I get that Luhrmann is attempting to achieve a modern take on the novel, and therefore features some of the most recent top-selling artists like Jay-Z, Beyonce, and Andre 3000 in the soundtrack. However, I am a more traditional fan and would have loved to see recreate a more accurate representation of the 1920s, with a full-on, traditional flapper feel and jazz music. That said, I do think the hip hop music blaring through Gatsby’s infamous parties works better than I had initially assumed it would. I also love Lana Del Rey’s song ‘Young and Beautiful’ which plays throughout Daisy and the Gatsby’s romantic affair. Not only did it fit like a puzzle piece into the scene with Gatsby’s English shirt collection, but the lyrics also rather subtly posed a great question: “Will you still love me when I’m no longer young and beautiful?” Although every viewer and reader of The Great Gatsby would love to think so, the question sparks a heated debate as to whether Gatsby is infatuated with Daisy’s wealth, youth, and beauty, or if he truly loves her on a much deeper level.
As far as characters go, I think that Leonardo DiCaprio plays an amazing Gatsby.

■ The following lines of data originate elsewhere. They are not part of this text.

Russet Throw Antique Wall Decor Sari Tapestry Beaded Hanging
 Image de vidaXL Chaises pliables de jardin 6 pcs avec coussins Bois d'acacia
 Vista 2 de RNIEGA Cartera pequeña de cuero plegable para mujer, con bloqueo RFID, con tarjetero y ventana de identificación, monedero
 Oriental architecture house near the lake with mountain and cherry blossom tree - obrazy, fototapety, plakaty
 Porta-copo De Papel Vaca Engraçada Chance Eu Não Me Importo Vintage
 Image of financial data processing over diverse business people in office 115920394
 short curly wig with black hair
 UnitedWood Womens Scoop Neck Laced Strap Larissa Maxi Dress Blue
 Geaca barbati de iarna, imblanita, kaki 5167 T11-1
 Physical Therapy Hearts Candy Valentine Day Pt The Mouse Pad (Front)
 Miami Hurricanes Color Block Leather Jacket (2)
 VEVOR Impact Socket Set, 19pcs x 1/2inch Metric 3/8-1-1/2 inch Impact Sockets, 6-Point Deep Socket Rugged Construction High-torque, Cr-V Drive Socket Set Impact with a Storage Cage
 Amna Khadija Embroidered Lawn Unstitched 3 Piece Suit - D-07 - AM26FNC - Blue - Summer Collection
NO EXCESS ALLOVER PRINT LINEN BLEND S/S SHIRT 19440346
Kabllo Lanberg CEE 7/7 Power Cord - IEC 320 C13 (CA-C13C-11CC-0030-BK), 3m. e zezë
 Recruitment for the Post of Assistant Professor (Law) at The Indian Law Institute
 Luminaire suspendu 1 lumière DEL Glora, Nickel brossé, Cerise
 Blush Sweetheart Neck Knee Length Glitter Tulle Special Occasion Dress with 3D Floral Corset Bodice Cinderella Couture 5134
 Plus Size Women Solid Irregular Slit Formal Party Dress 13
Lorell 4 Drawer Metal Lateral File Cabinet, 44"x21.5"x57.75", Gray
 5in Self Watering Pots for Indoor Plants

I doubt anyone could have done it better. I also think Joel Edgerton plays the arrogant, cocky, misogynistic Tom Buchanan almost too well.
The film sticks fairly well to the plot of the novel. It leaves out only a few very small details, such as Gatsby’s father showing up for the funeral at the end. However, the film works perfectly fine without these details. The only change I am opposed to is making Nick seem crazy, retelling his story to a doctor throughout the film as he recovers from alcoholism. A pale, unshaven Nick shakily and cautiously begins to write his story, as he insists he doesn’t want to talk about it anymore. This addition seemed unnecessary and unfair to poor Nick. After all, he is, according to himself, the only sane, levelheaded person in the story.
All in all, the film is much better than I expected. Yet, how could anyone presume that they could make a flawless film adaptation of F. Scott Fitzgerald’s masterpiece? Still, I raise my glass to Luhrmann for coming much closer than I think most ever could. Cheers to him — a very, very solid attempt, old sport.